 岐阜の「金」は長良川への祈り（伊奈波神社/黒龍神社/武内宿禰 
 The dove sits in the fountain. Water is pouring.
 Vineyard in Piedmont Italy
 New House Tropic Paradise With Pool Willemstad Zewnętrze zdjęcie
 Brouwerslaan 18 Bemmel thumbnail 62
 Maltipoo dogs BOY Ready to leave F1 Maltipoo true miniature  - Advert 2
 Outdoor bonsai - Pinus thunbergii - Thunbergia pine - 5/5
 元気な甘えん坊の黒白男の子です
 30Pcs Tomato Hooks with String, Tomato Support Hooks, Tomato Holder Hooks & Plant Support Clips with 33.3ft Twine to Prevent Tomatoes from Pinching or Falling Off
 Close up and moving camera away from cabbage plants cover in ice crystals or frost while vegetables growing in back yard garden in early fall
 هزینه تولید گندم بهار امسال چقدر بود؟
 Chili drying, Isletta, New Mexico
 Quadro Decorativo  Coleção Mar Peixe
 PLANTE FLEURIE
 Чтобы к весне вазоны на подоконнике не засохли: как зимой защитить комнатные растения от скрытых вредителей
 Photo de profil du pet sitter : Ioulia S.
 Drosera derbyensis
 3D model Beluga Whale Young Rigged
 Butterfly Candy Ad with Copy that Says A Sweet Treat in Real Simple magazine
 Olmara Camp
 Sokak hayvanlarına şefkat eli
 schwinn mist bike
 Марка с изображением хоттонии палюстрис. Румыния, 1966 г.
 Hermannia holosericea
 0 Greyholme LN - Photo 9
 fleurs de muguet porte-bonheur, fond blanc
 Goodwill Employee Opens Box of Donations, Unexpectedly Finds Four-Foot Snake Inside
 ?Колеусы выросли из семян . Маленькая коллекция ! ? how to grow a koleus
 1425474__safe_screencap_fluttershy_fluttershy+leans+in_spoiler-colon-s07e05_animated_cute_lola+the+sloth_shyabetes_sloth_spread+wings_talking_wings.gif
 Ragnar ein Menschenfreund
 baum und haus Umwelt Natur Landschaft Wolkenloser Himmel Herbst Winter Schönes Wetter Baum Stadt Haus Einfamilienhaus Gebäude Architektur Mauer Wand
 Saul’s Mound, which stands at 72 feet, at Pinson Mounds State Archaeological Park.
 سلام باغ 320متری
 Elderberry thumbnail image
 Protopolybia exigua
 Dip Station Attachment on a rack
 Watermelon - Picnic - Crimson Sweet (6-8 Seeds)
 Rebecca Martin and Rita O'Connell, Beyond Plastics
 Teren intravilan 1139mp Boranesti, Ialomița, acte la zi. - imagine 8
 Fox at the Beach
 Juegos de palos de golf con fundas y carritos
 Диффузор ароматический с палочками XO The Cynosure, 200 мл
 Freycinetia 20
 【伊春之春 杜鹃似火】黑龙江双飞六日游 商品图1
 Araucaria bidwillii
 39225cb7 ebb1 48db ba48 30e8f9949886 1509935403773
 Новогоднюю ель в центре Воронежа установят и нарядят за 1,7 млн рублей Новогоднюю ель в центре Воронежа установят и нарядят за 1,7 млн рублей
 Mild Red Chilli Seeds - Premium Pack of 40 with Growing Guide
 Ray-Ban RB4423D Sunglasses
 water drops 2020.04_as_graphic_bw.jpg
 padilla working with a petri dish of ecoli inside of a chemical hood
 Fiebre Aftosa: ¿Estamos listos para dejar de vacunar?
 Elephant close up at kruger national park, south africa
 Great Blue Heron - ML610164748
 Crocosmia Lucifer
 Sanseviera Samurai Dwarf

----------

* **The problem**
Look in the material above for the line with "هزینه تولید گندم بهار امسال چقدر بود؟" and the line with "Goodwill Employee Opens", and transcribe exactly those lines and all lines between them, nothing more.

* **Solution to this problem**
 هزینه تولید گندم بهار امسال چقدر بود؟
 Chili drying, Isletta, New Mexico
 Quadro Decorativo  Coleção Mar Peixe
 PLANTE FLEURIE
 Чтобы к весне вазоны на подоконнике не засохли: как зимой защитить комнатные растения от скрытых вредителей
 Photo de profil du pet sitter : Ioulia S.
 Drosera derbyensis
 3D model Beluga Whale Young Rigged
 Butterfly Candy Ad with Copy that Says A Sweet Treat in Real Simple magazine
 Olmara Camp
 Sokak hayvanlarına şefkat eli
 schwinn mist bike
 Марка с изображением хоттонии палюстрис. Румыния, 1966 г.
 Hermannia holosericea
 0 Greyholme LN - Photo 9
 fleurs de muguet porte-bonheur, fond blanc
 Goodwill Employee Opens Box of Donations, Unexpectedly Finds Four-Foot Snake Inside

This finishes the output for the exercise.